Exactly and only the lines below from the one containing "Chascando patatas para" down to the one containing "This beautifully renovated" are wanted, both included; please exclude every picture.

-*-*-

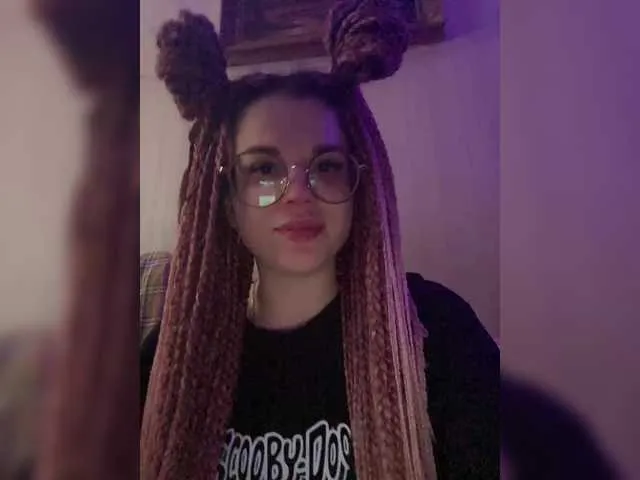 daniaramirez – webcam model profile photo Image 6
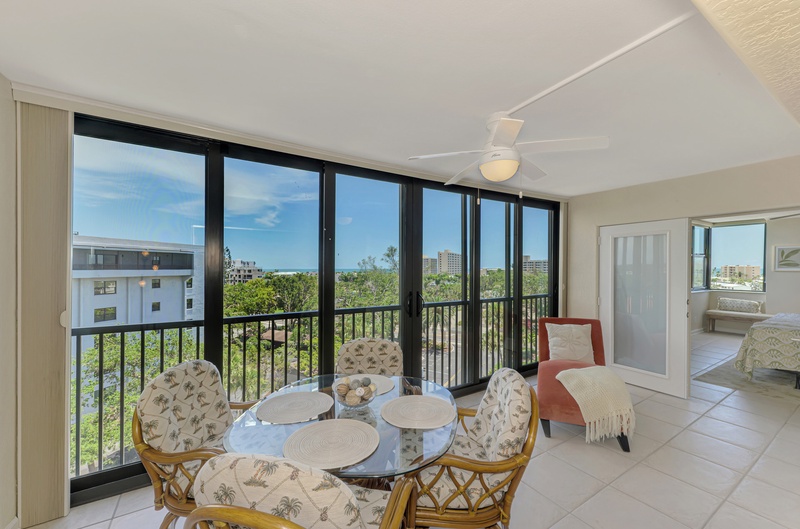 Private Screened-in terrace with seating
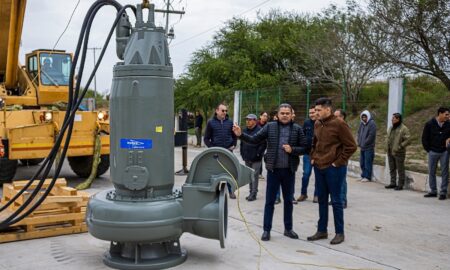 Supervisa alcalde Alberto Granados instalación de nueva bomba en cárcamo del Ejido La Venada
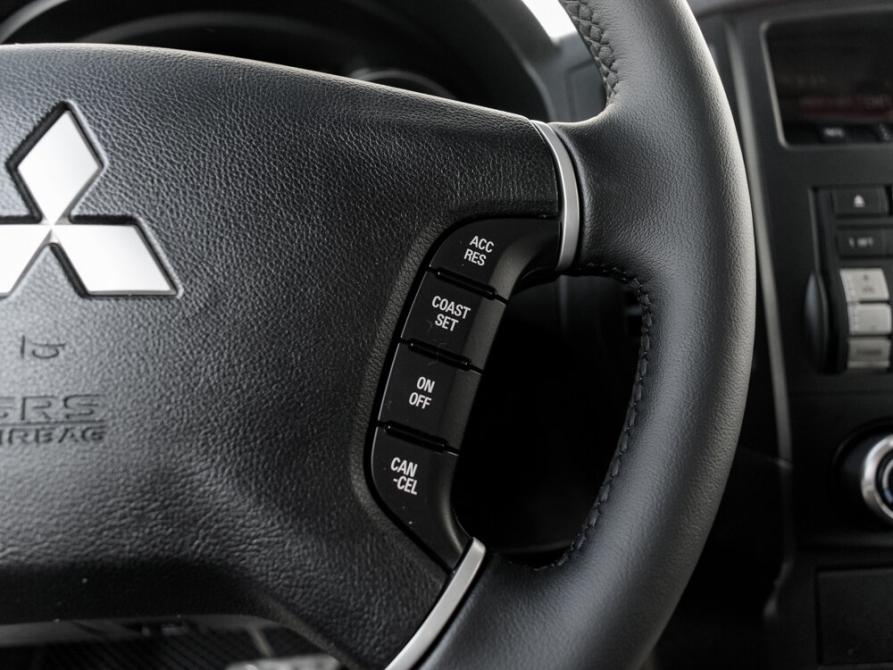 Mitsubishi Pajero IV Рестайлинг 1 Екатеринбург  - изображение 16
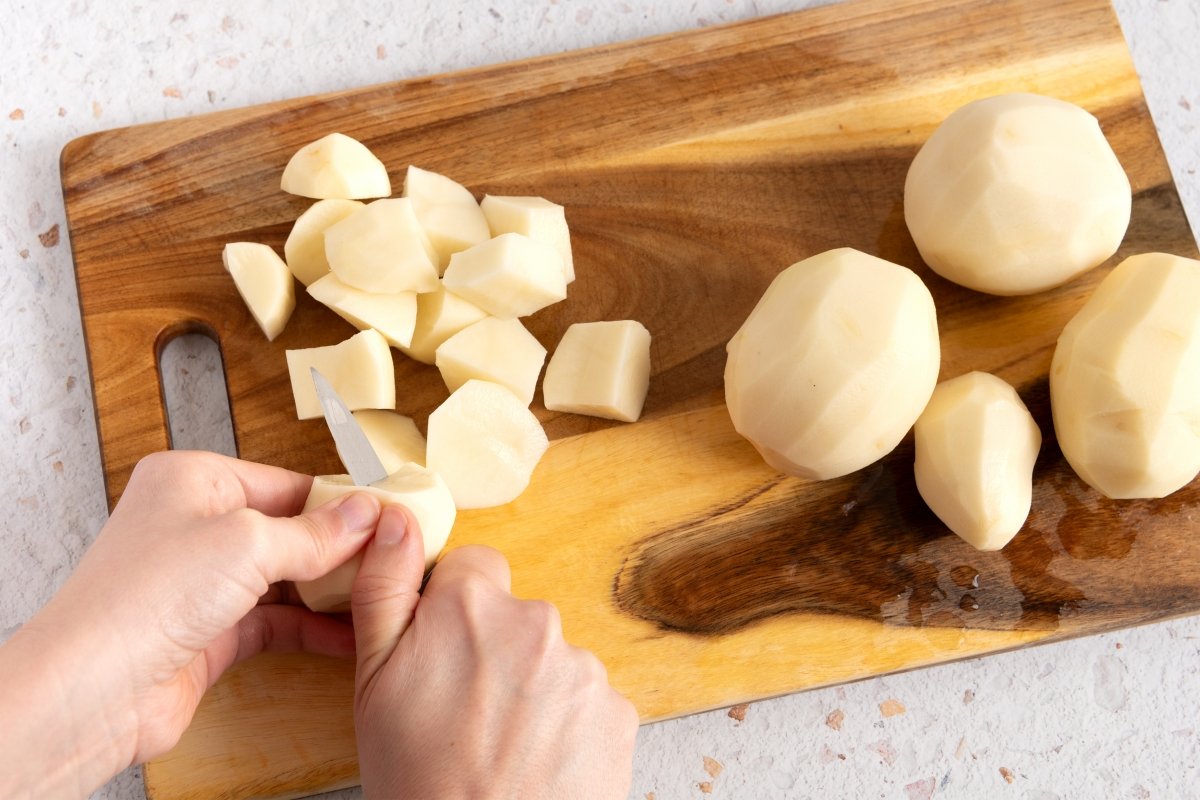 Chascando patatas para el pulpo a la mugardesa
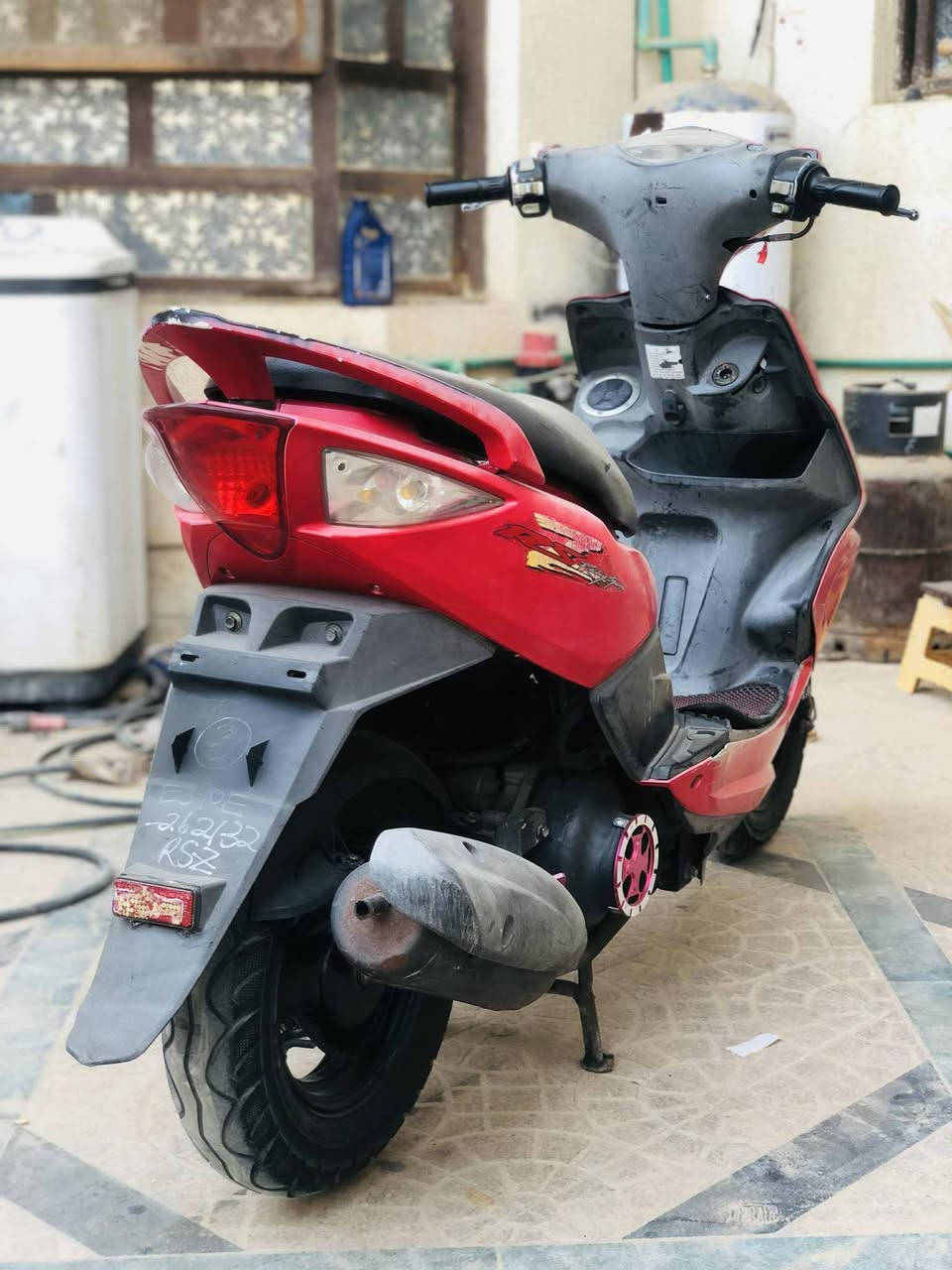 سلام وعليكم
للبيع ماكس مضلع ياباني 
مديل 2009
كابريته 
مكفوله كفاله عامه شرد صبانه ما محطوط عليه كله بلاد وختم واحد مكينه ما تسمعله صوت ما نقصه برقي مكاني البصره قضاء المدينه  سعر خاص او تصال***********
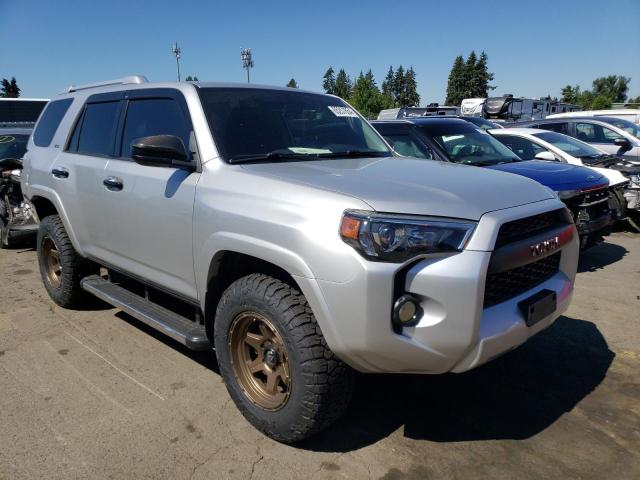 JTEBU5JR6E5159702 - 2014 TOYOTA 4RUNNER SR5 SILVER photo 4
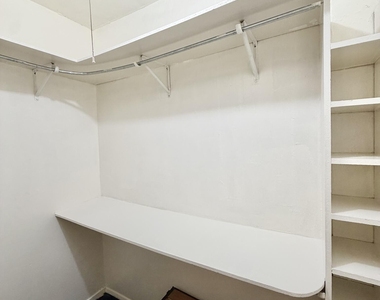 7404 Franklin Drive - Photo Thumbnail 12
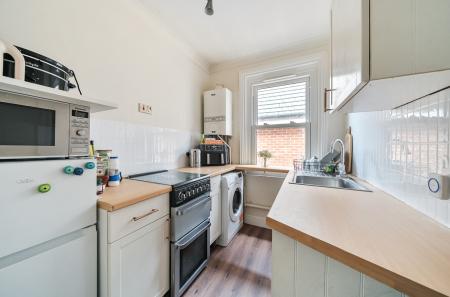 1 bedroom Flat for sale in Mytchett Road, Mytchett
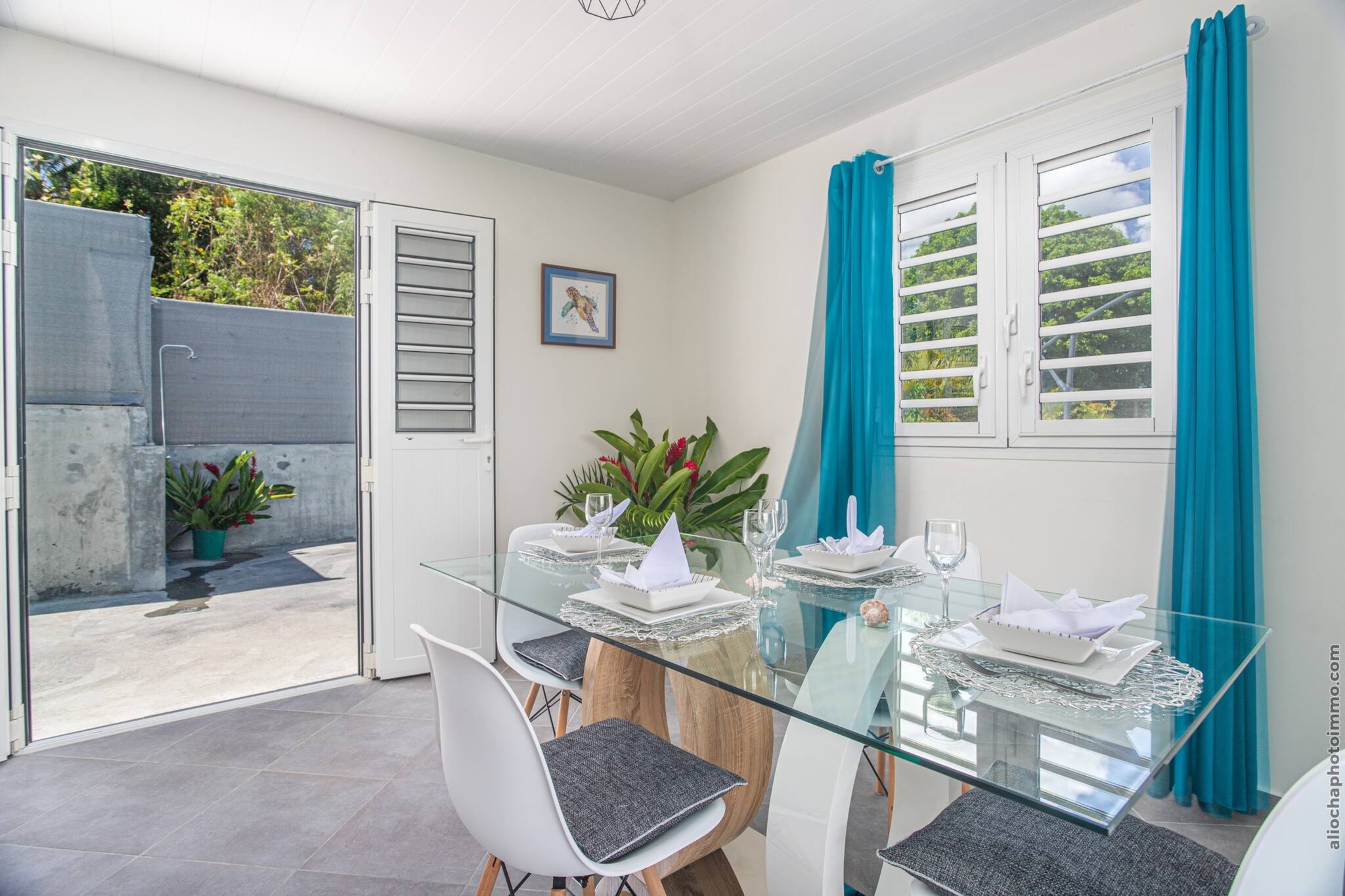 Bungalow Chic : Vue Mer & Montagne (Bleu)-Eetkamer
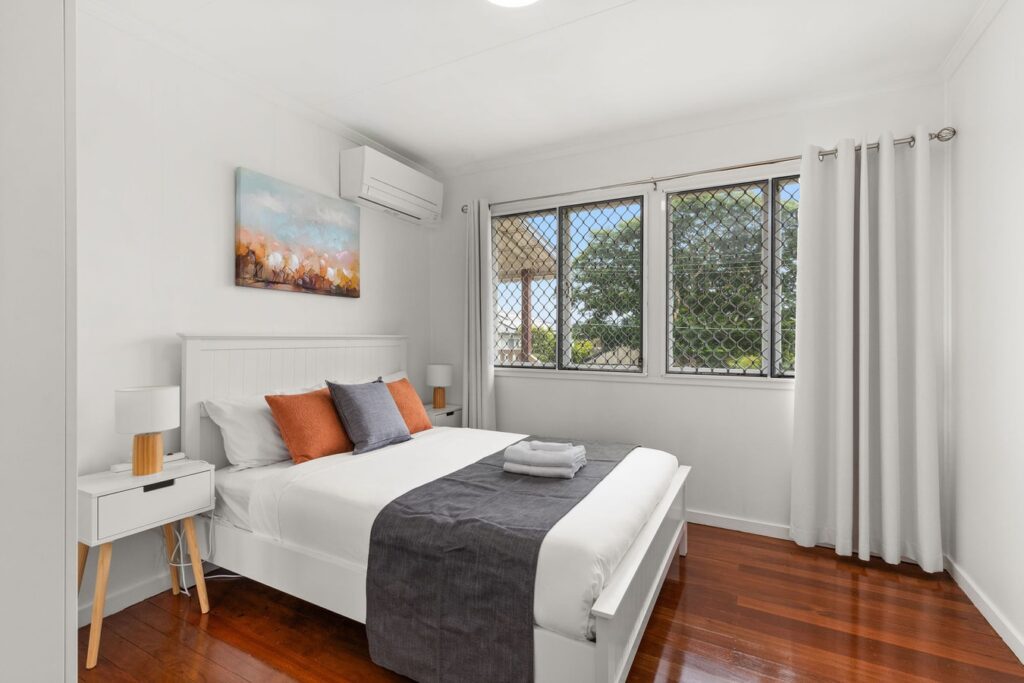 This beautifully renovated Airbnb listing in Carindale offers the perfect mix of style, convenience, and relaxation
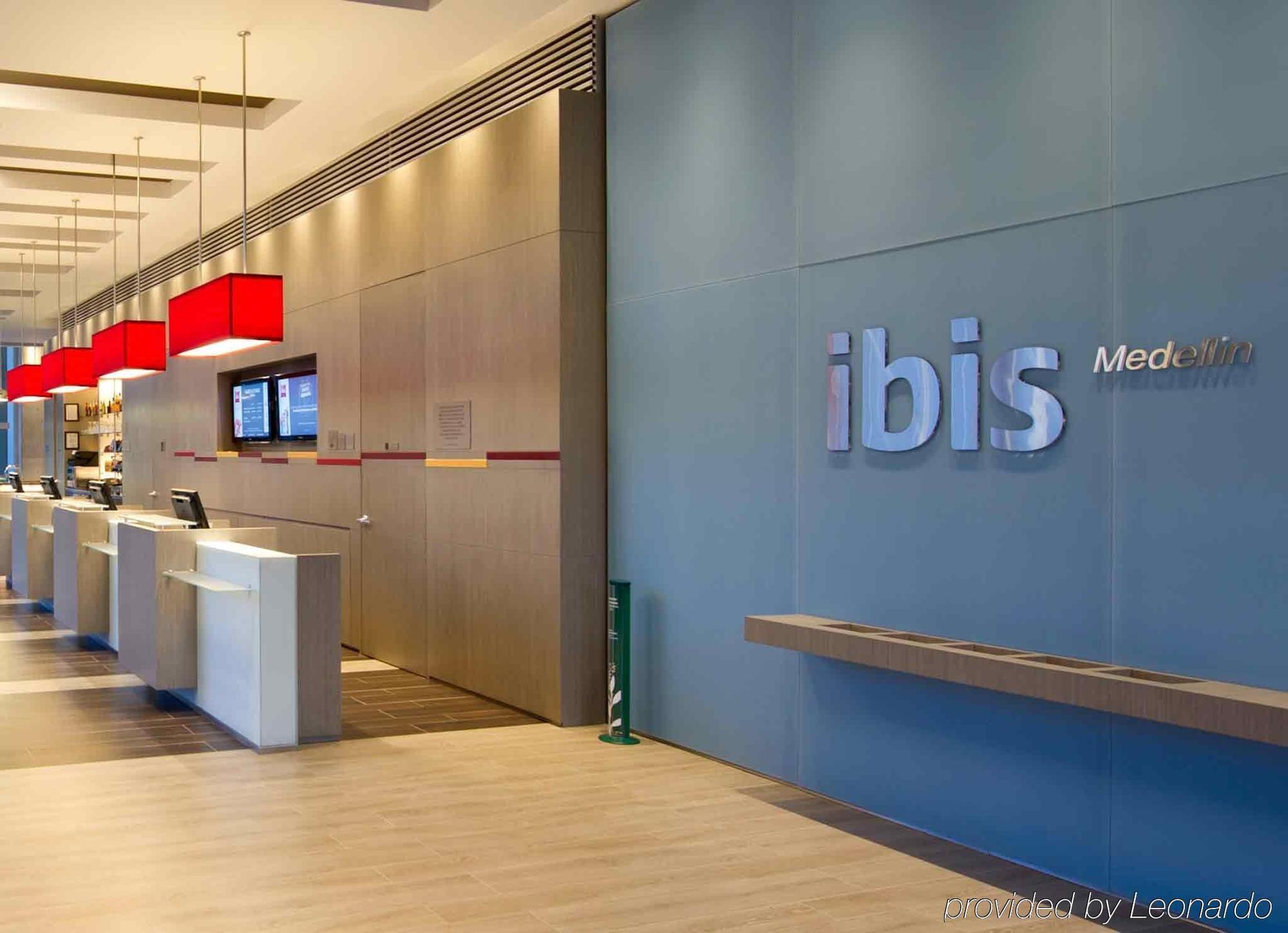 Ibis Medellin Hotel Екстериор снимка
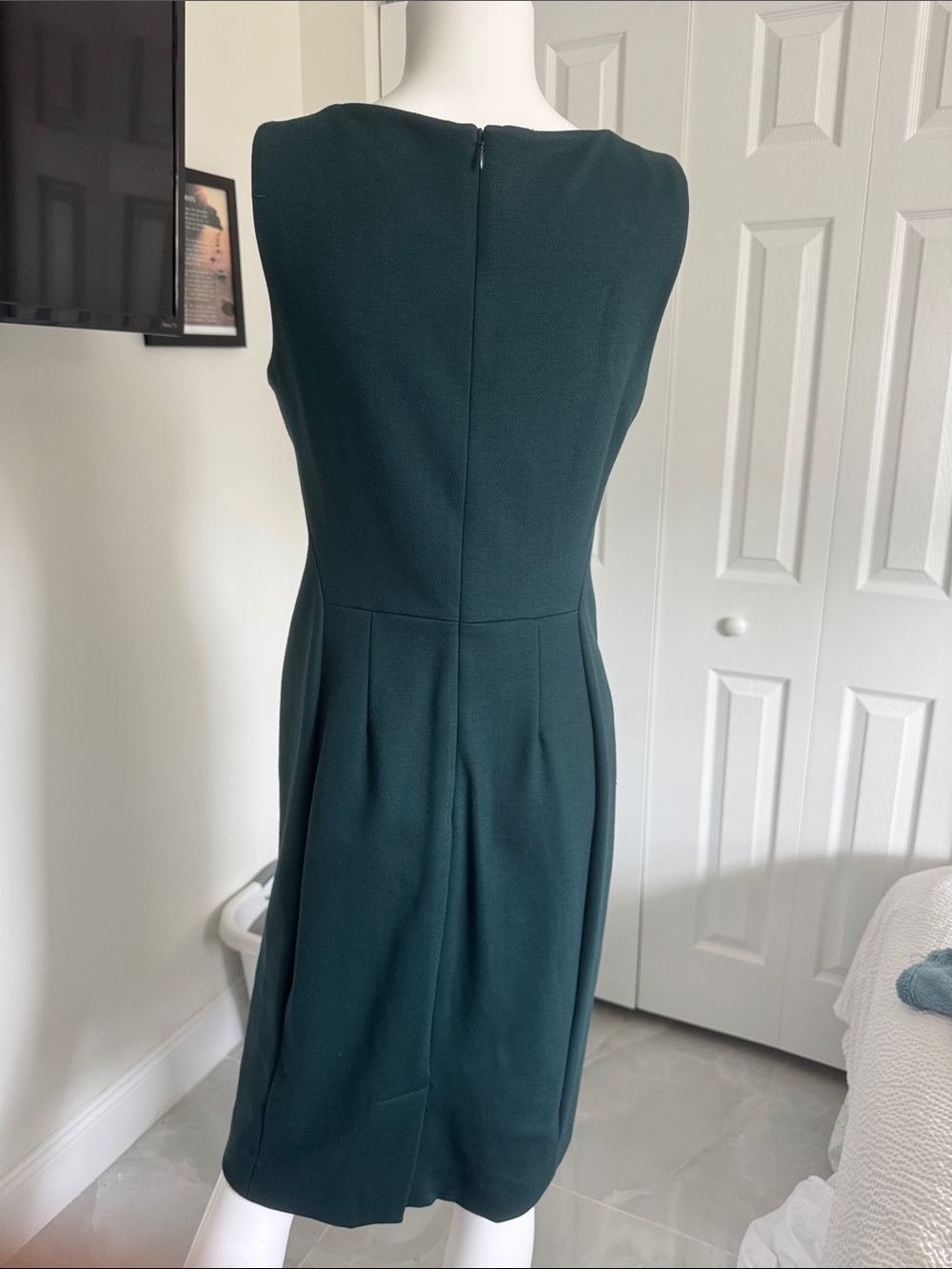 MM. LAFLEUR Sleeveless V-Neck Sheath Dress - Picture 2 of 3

-*-*-

Exercise solution ▸
 Chascando patatas para el pulpo a la mugardesa
 سلام وعليكم
للبيع ماكس مضلع ياباني 
مديل 2009
كابريته 
مكفوله كفاله عامه شرد صبانه ما محطوط عليه كله بلاد وختم واحد مكينه ما تسمعله صوت ما نقصه برقي مكاني البصره قضاء المدينه  سعر خاص او تصال***********
 JTEBU5JR6E5159702 - 2014 TOYOTA 4RUNNER SR5 SILVER photo 4
 7404 Franklin Drive - Photo Thumbnail 12
 1 bedroom Flat for sale in Mytchett Road, Mytchett
 Bungalow Chic : Vue Mer & Montagne (Bleu)-Eetkamer
 This beautifully renovated Airbnb listing in Carindale offers the perfect mix of style, convenience, and relaxation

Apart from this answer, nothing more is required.